29.8 THzID: A 1.6mm2 Package-Less Cryptographic Identification Tag with Backscattering and Beam-Steering at 260GHz

2020 
Energy-autonomous wireless tags have been adopted in authentication and supply-chain management. At present, their size and cost, limited by packaging, prevent the tagging for small or inexpensive industrial/medical components. At the same time, pervasive electronic tagging raises serious privacy concerns related to inadvertent and malicious tracking of the tagged assets.

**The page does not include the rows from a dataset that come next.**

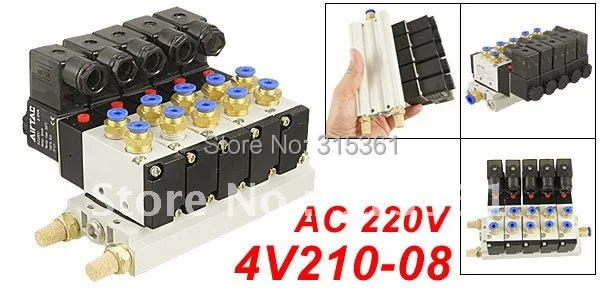 

Free Shipping 10Sets/Lot Pneumatic AC 220V Quadruple Solenoid Valve w Base Push In Connectors Silencers 5 Stations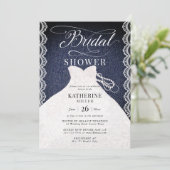 Invitation Lace Pearls Denim Robe de mariée Chic Fête des mar (Debout devant)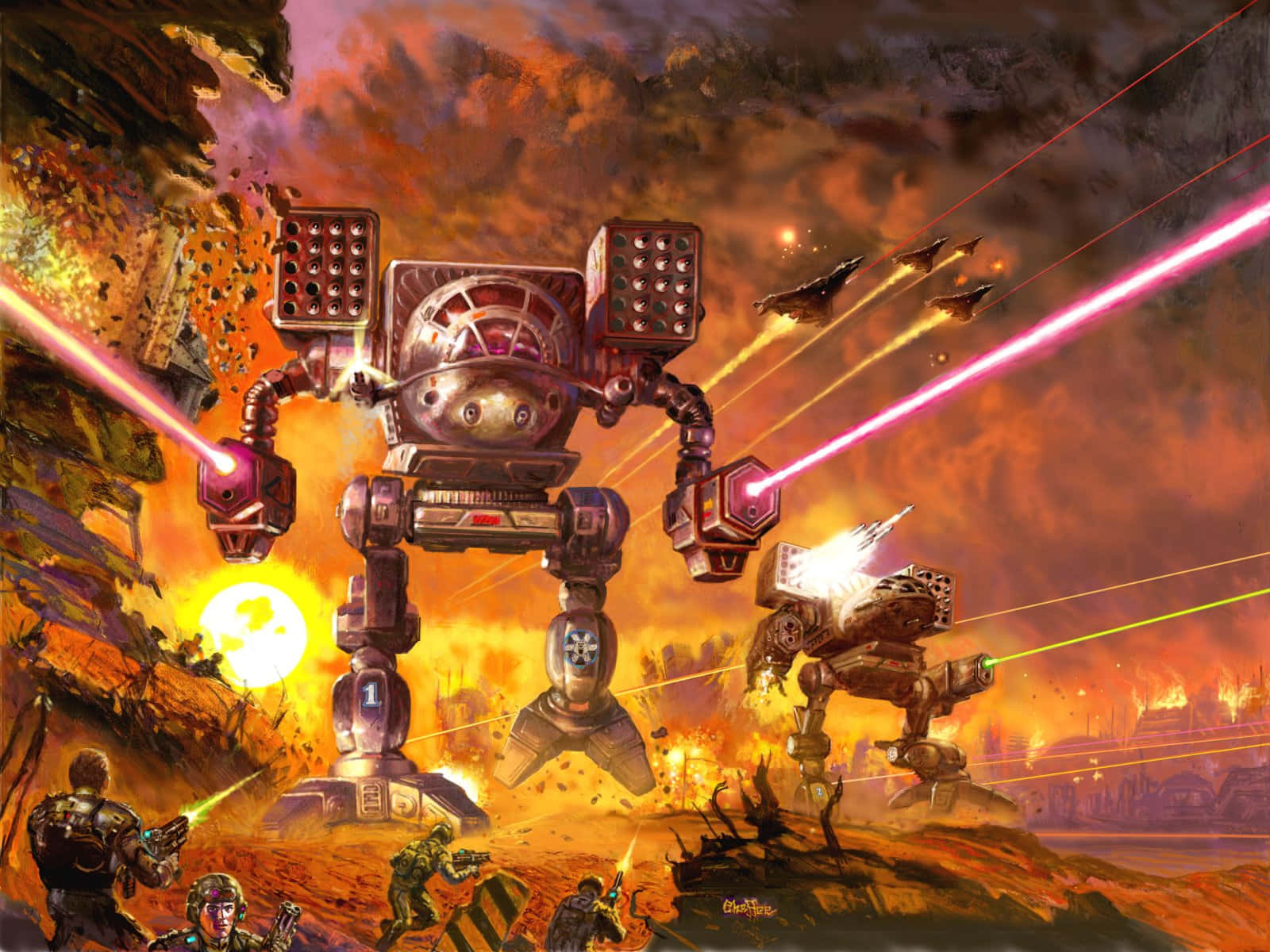 Battletech 桌布 壁紙 — 巨型戰鬥機器人在熾熱的戰場上發射粉紅色雷射，伴隨著士兵和飛行戰鬥機，在發光的太陽下作戰。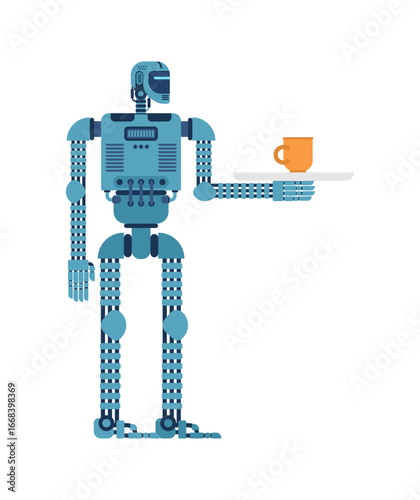 robot assistant holding a cup. Illustration symbolizing artificial intelligence help, service robotics, futuristic digital assistant, and modern smart technology in everyday life.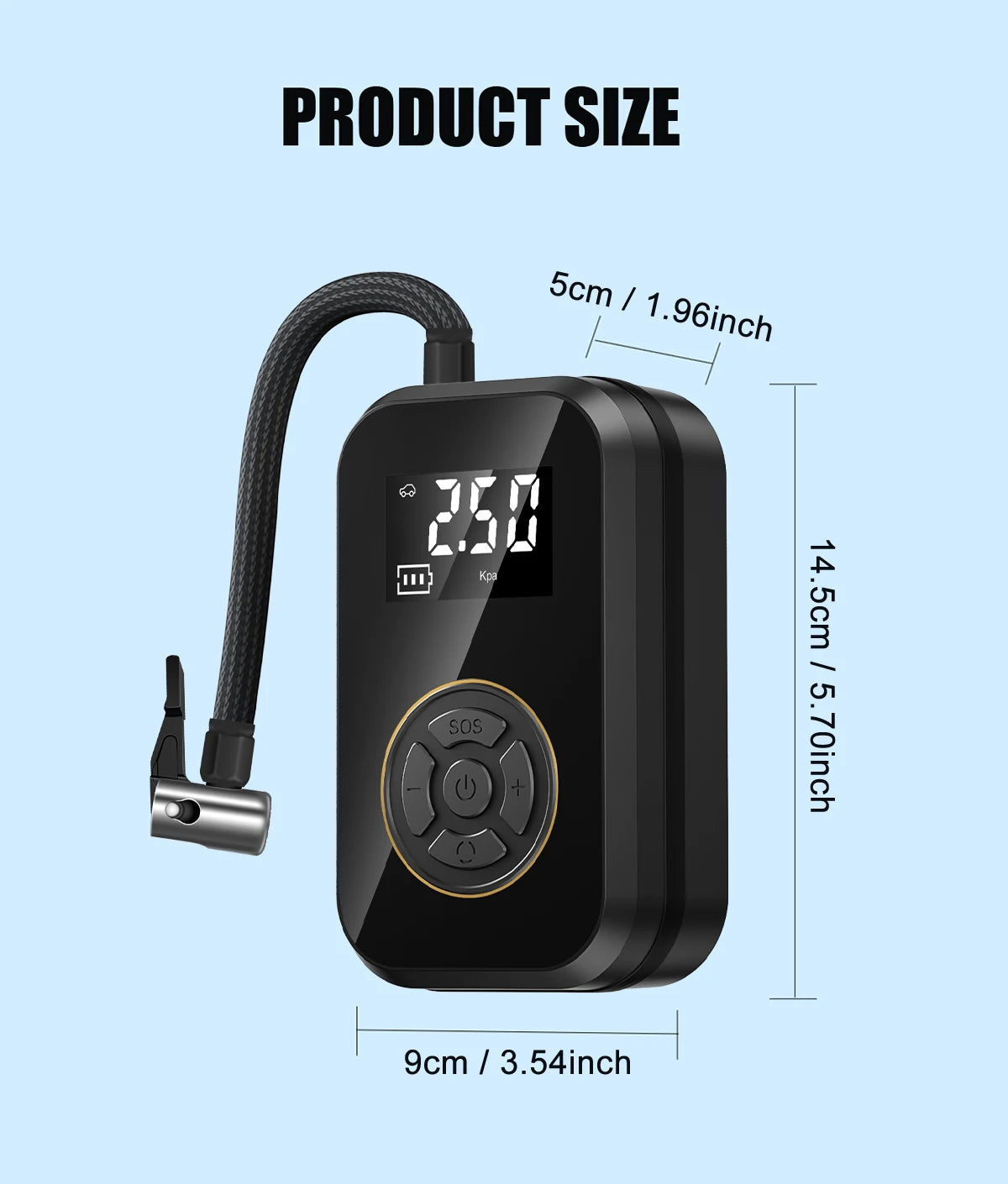 Multifunction Digital Air Pump, Portable Tire Inflator with SOS Light for Car Motorcycle Bicycle Tires, Balls, Boats, Camping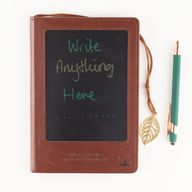 Cuaderno de Intenciones - Pantalla LCD borrable - Efecto cuero marrón - Hoja de latón - 80 hojas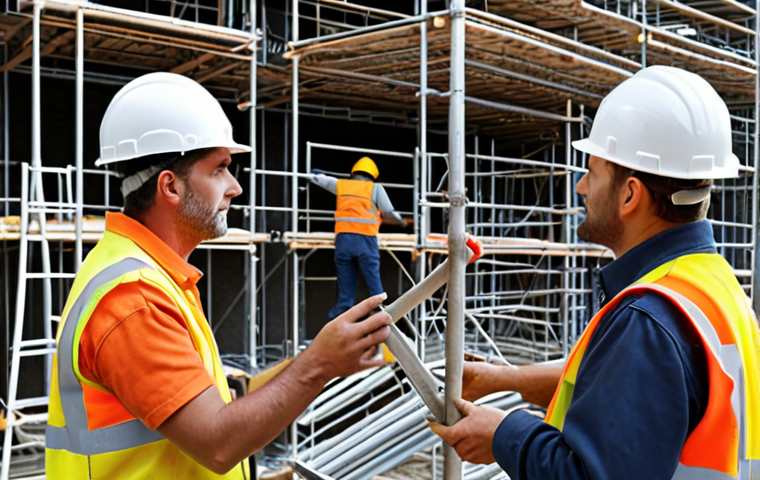 ** A construction site scene, focusing on a safety engineer inspecting scaffolding and workers wearing helmets, emphasizing safety compliance.

**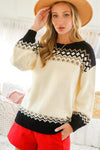 Fair Isle Crewneck Sweater - Black/Ivory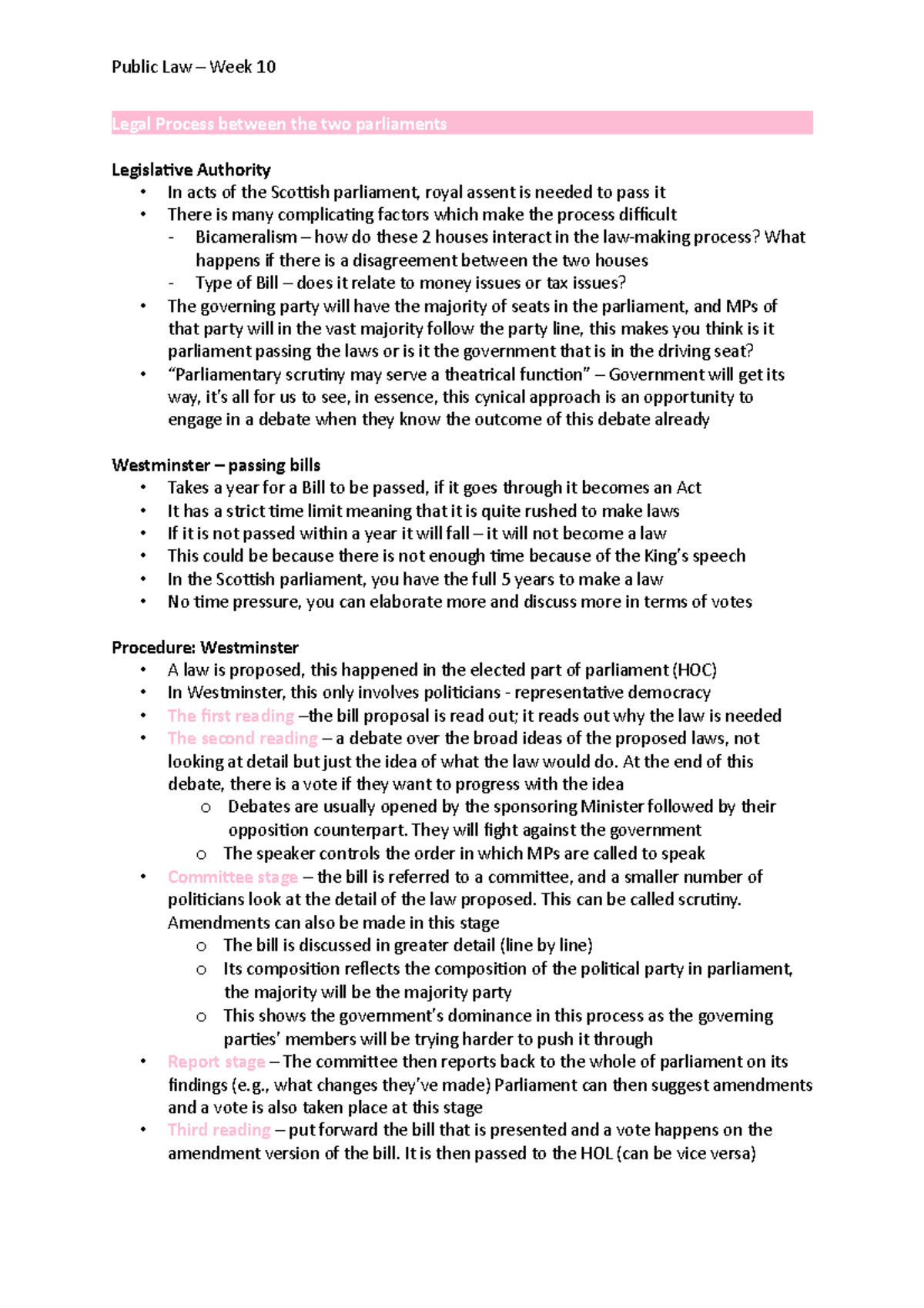 Legal Process - Notes from lecture, included cases and examples - Legal ...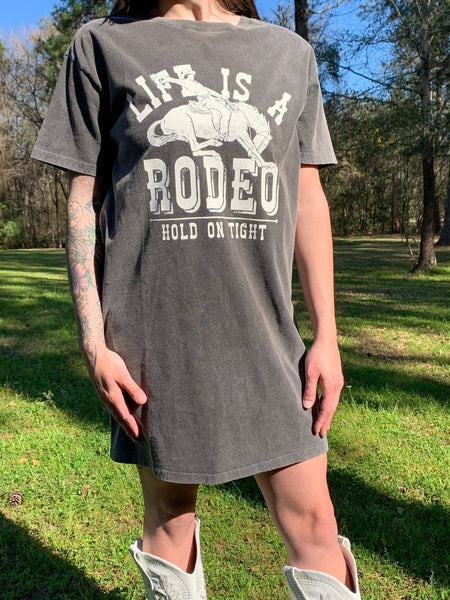 MK351 Life is a Rodeo Mineral Washed Tee Dress - Gray/White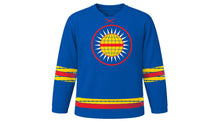 Load image into Gallery viewer, Ecuador Independence Day Original Hockey Jersey in Equator Blue, front view – custom name and number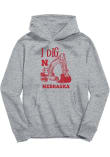 Main image for Toddler Nebraska Cornhuskers Grey Vive La Fete Excavator Long Sleeve Hooded Sweatshirt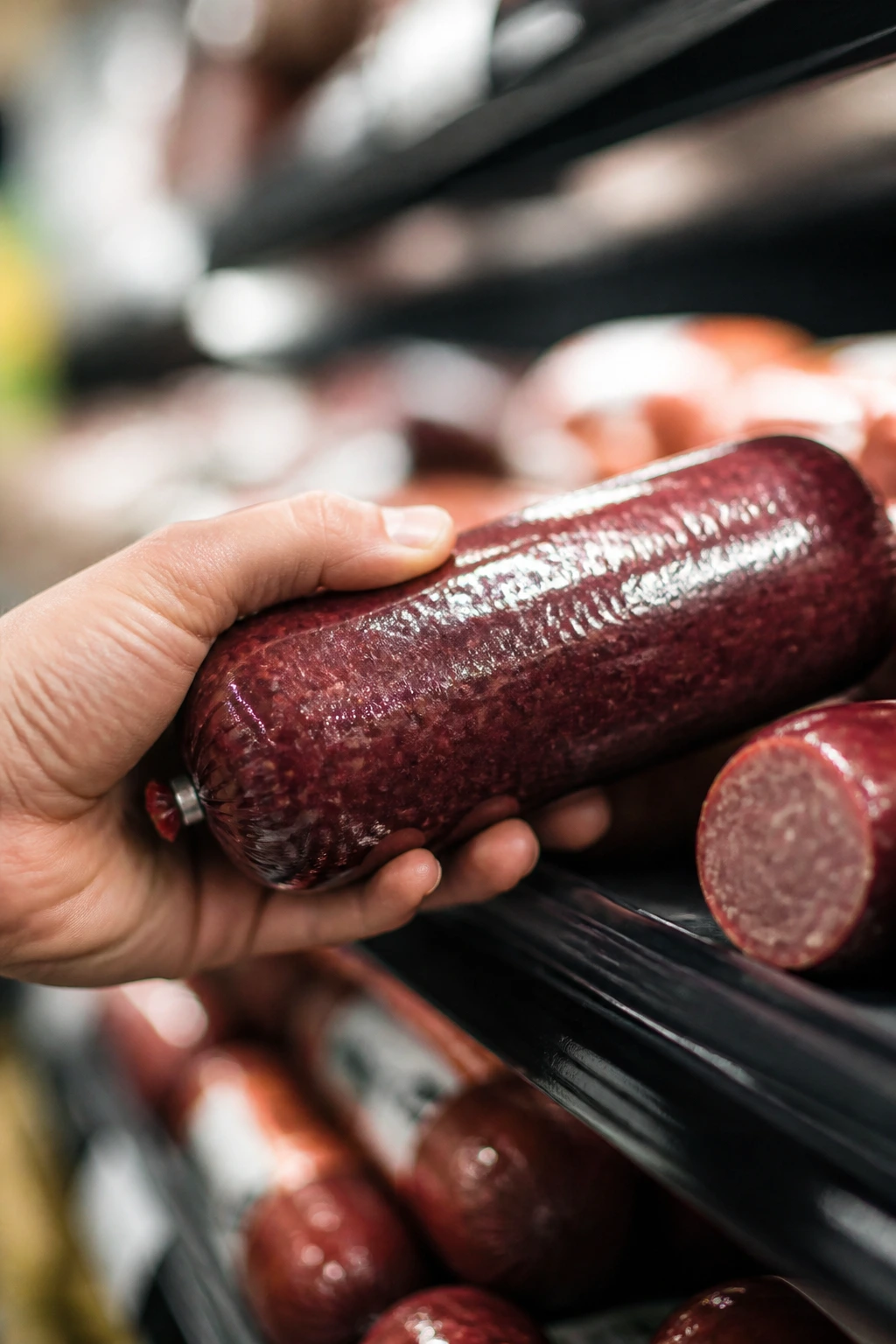 Hand selecting beef summer sausage on grocery shelf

In order to enable secure and ubiquitous asset tagging, fully passive particle-sized cryptographic chips without external packaging are highly desired. Recent prototypes [1]–[4] that aim to address this challenge face either size, energy, communication, or security limitations. [1] demonstrates a 9mm2 sensor node, which requires a stacked packaging of multiple functionality layers for photovoltaic powering, battery, antenna, etc. In [2], a 116×116µ m2 radio chip is demonstrated, but its operating range of 1mm is limited by the near-field coupling at 5.8GHz for power delivery and communication. Using far-field downlink/uplink at 24 and 60GHz, the package-less chip in [3] boosts the range to 50cm, but the chip size also increases to 4 4 mm2 to accommodate two antennas at 24 and 60GHz. Additionally, [1]–[3] do not support cryptographically secure identification. [4] demonstrates a 0.77 mm secure authentication tag that requires an 8 mm2 external antenna, but the size and the energy constraints limit it to symmetric-key cryptography. In this paper, we present a package-less, monolithic tag chip with built-in photovoltaic powering and a compact elliptic-curve-cryptography (ECC) processor. Using far-field backscatter communication at 260GHz, the CMOS tag, while integrating a 2×2 antenna array with beam-steering capability, has a size of only 1.6 mm2.